As mentioned already, both Jobs and Wozniak were very young at that time. But, Wayne was in his forties and had some personal assets. So, when Jobs took a loan of USD 15,000 in order to fulfill a contract with a local Californian computer store, The Byte Shop, Wayne became concerned that if Byte wouldn’t pay, he might have to lose his assets and house in order to bail out the company.
Years After Apple
Although Steve Jobs made several attempts to persuade Wayne to return to Apple, Wayne resisted all such attempts. He stayed at Atari for some time and then joined Lawrence Livermore National Laboratory in 1978. Later, he joined an electronics company in Salinas, California.
For a short time, he also ran a stamp shop in Milpitas, California, which he named Wayne’s Philatelics. But later, he moved his stamp selling business to Nevada. Though Wayne left Apple Computer (now Apple.Inc) way back in 1976, the original Apple company agreement signed by all the three founders was with him for a long time.
In the early 1990s, he sold this original agreement for $500. In 2011, the same agreement was sold at an auction for a whopping $1.6 million. So, Wayne yet again missed an opportunity to make a fortune.

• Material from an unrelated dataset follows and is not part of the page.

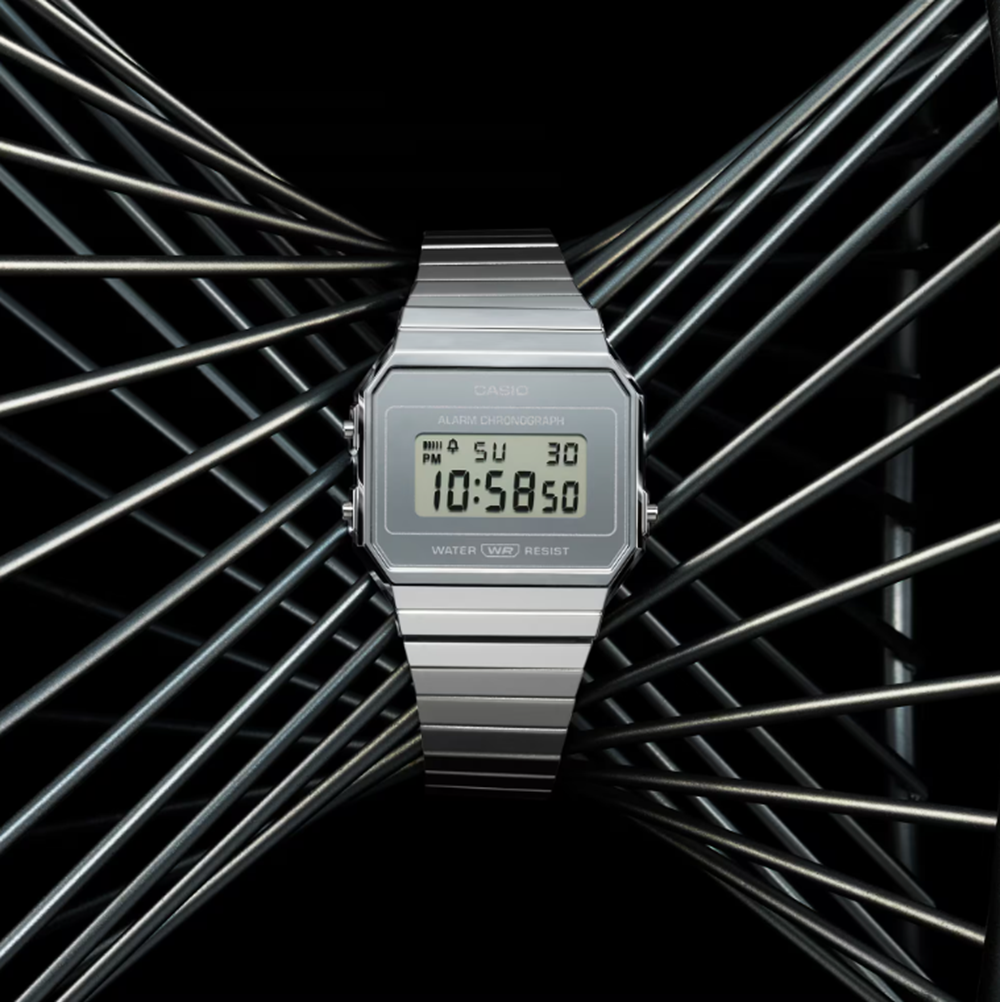 CASIO A700WEV-7AVT Watch Silver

At present, Wayne holds about a dozen patents, but have not been able to get funds to make them see the light of the day. Apart from that, he has also authored two books, of which one is a memoir titled, Adventures of an Apple Founder. His second book is basically a socio-economic treatise, which according to him, throws lights on the evolution of human governance and the foundations of the American Constitutional Republic.

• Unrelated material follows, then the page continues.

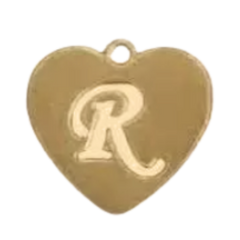 Alphabet – Heart R Gold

Does He Regret His Decision?
Putting all speculations to rest, Ronald Wayne in an interview with Business Insider revealed that he did not regret his decision to quit Apple and sell his 10% share in the company. According to him, he made the best decision as per the prevailing situation at that time. As mentioned already, he believed that Apple would become a successful venture, but not without a fair share of roadblocks.
Moreover, he felt that had he stayed at Apple, he would have ended up in the documentation department. According to him, Jobs and Wozniak were like intellectual giants. So, it was natural for him to feel overshadowed by them. Though Wayne does not regret the decision to sell his share in the Apple Computer, he does regret selling the original Apple agreement for a mere $500, which later fetched $1.6 million in a 2011 Sotheby’s auction.

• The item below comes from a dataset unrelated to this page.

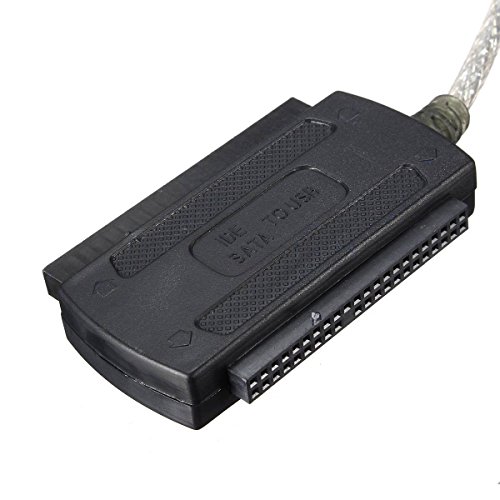 Cable adaptador USB 2.0 a IDE SATA 2.5/3.5 HDD negro miniatura 2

While such an exit of early founders often results in bitter lawsuits in Silicon Valley, Wayne’s case was truly exceptional. Even after leaving Apple, Wayne was in touch with both Jobs and Wozniak. In fact, he was invited by Jobs to attend a presentation on new Macs held in San Francisco in 2011. Wayne never owned an Apple product until he was gifted an iPad 2 in 2011 at the Update Conference held in Brighton, England.
So, while Steve Jobs touched the epitome of glory and became an icon for many generations, Ron Wayne lived and worked in obscurity for the greater part of his life, until media discovered him as the forgotten co-founder of Apple.
Today, he lives in Pahrump, Nevada, an unincorporated town and he is also dependent on Social Security provided by the US government, although he does make some money by selling rare coins and stamps over the Internet. Ten years ago, Wayne was robbed of his life’s savings, which forced him to sell his house.
But despite all such adversities, Ronald Wayne has no regrets for selling his 10% share in Apple, which would have been worth over $100 billion today. This shows the strength of his character. This shows that he is not a person to cry over the spilled milk, but a man who can take responsibility for the decisions he made and can pick himself up and move on.
At present, he is planning to sell his ‘Apple Archive’ which includes the original Apple-1 manual created by him and also designs for a proposed Apple II case, which did not see the light of the day. The auction, which is scheduled to be held in later part of August is expected to bring in $30,000 to $50,000. We hope that the auction will help ease the financial condition of Ronald Wayne.